### About this exercise
In the records below, reproduce exactly the lines from the one containing "Egg and bacon. Close up on a slice of bread" through the one containing "Features of this", both included, and omit the pictures.

### Supplied entries
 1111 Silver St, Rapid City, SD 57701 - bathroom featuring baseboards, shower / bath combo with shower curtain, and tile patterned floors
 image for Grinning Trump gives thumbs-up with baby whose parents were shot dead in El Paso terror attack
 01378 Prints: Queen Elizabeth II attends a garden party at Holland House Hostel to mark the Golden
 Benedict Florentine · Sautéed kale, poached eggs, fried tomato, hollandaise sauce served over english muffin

...

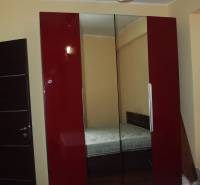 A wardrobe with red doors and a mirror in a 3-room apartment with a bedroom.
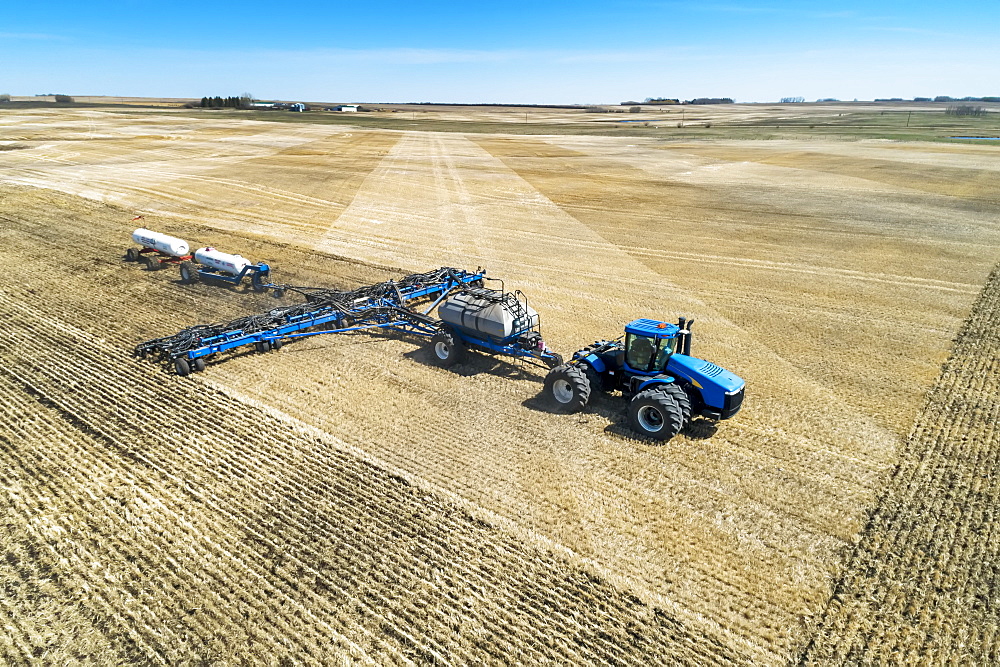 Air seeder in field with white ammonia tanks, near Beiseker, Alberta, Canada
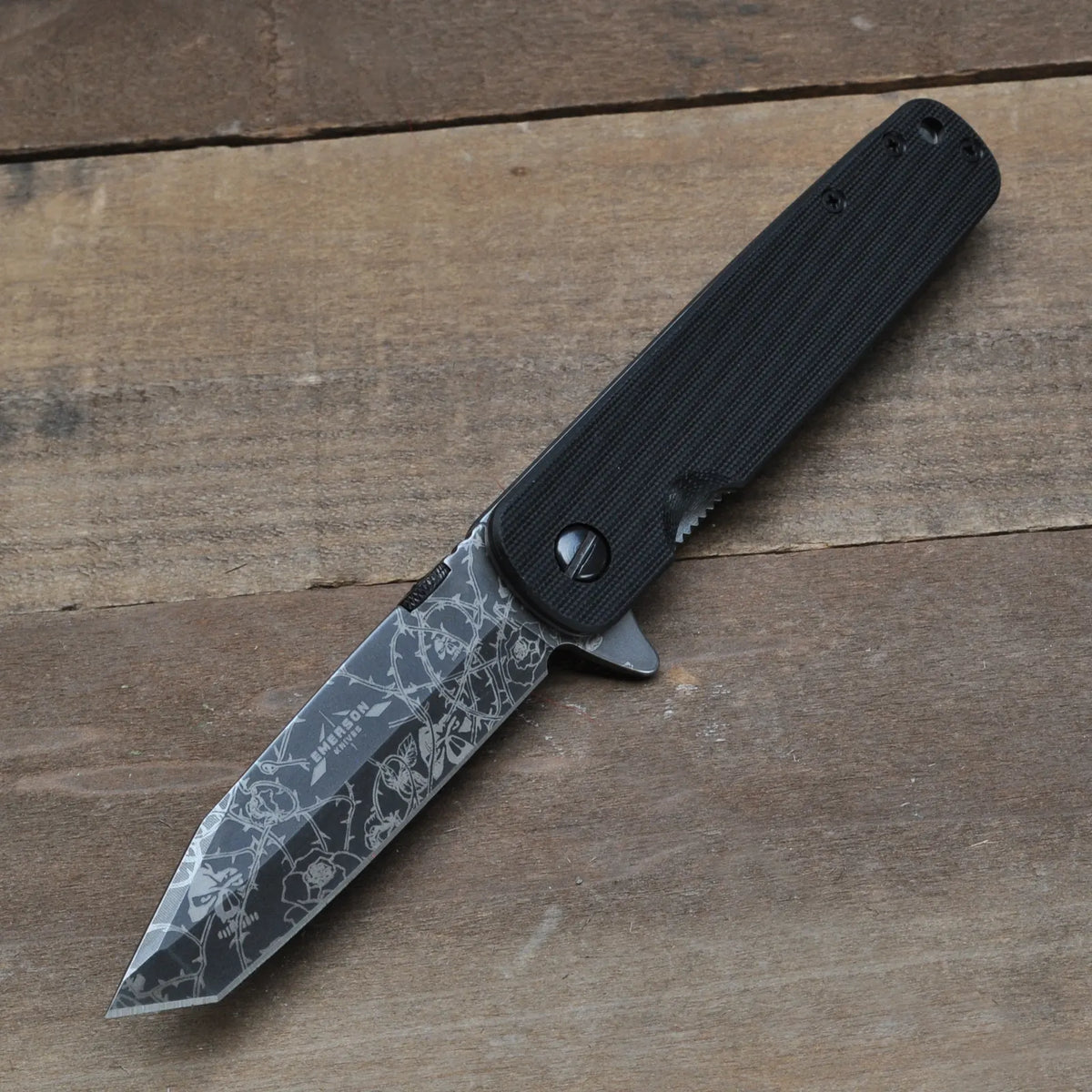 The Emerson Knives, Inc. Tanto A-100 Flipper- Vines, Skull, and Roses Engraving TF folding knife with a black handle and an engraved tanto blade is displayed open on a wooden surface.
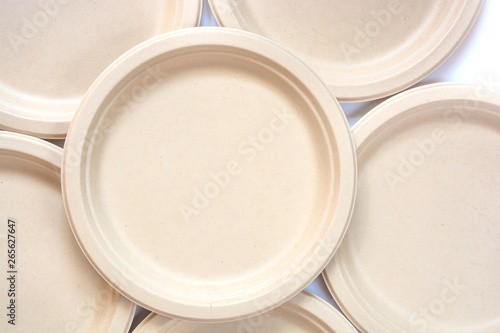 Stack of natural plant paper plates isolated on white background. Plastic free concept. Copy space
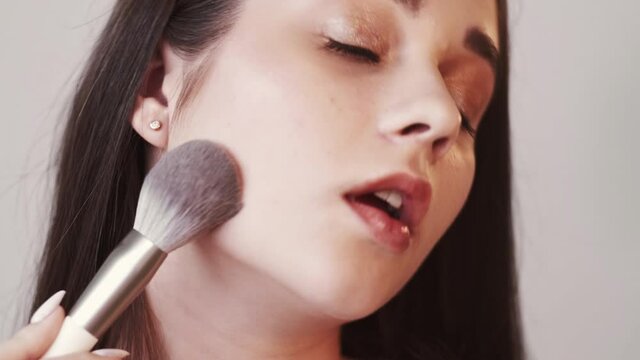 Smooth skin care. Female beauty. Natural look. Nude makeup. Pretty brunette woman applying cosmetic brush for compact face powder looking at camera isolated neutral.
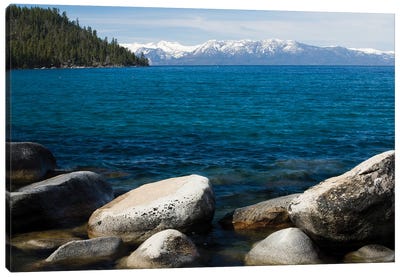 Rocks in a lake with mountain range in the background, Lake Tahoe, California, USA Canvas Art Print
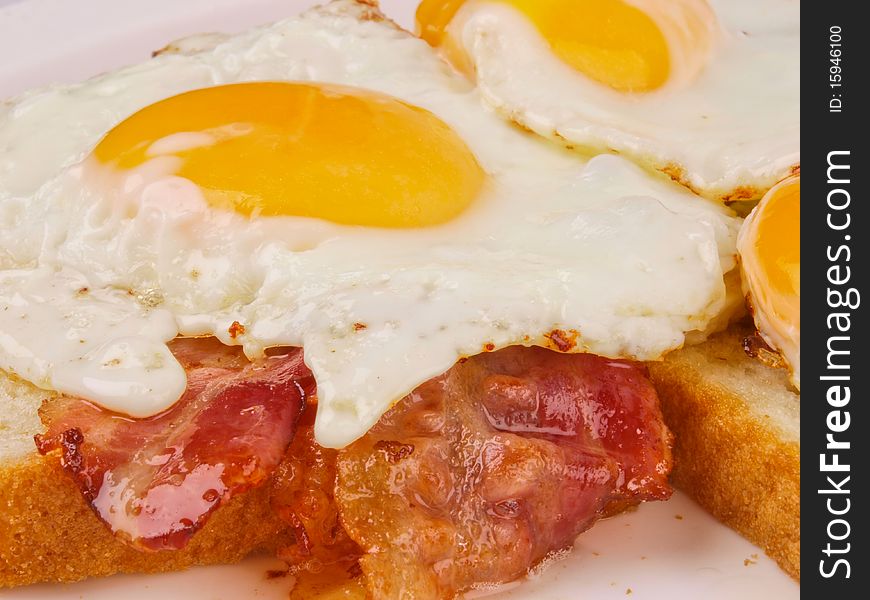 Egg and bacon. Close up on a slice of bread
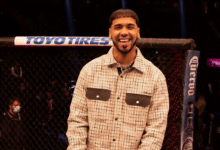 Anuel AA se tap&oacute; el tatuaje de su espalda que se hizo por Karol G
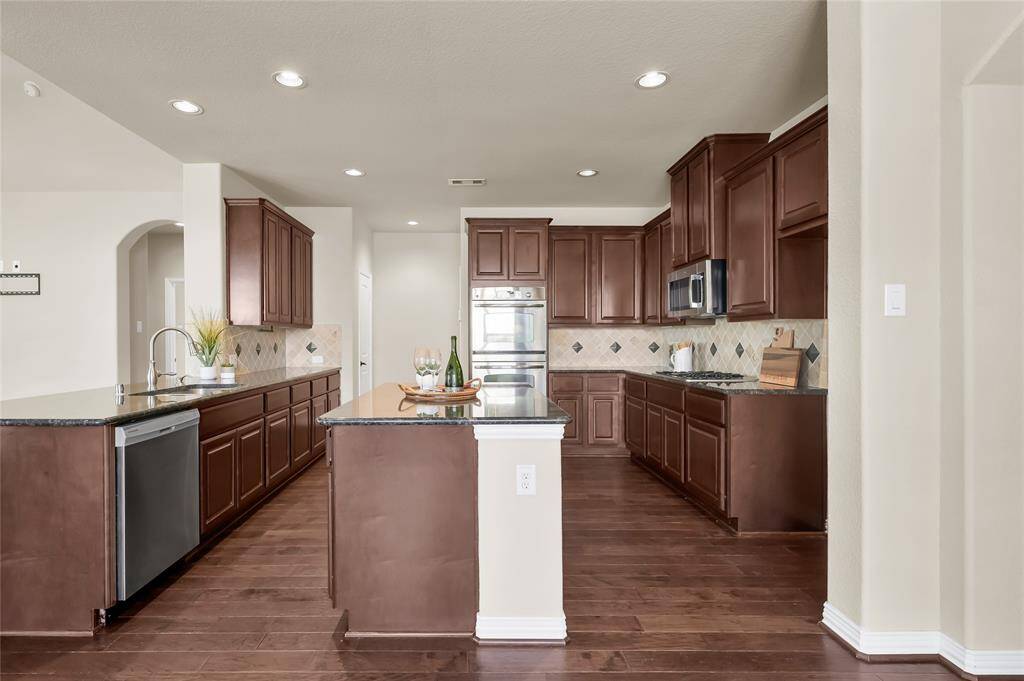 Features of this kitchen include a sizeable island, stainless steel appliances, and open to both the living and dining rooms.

### Answer space
 Egg and bacon. Close up on a slice of bread
 Anuel AA se tap&oacute; el tatuaje de su espalda que se hizo por Karol G
 Features of this kitchen include a sizeable island, stainless steel appliances, and open to both the living and dining rooms.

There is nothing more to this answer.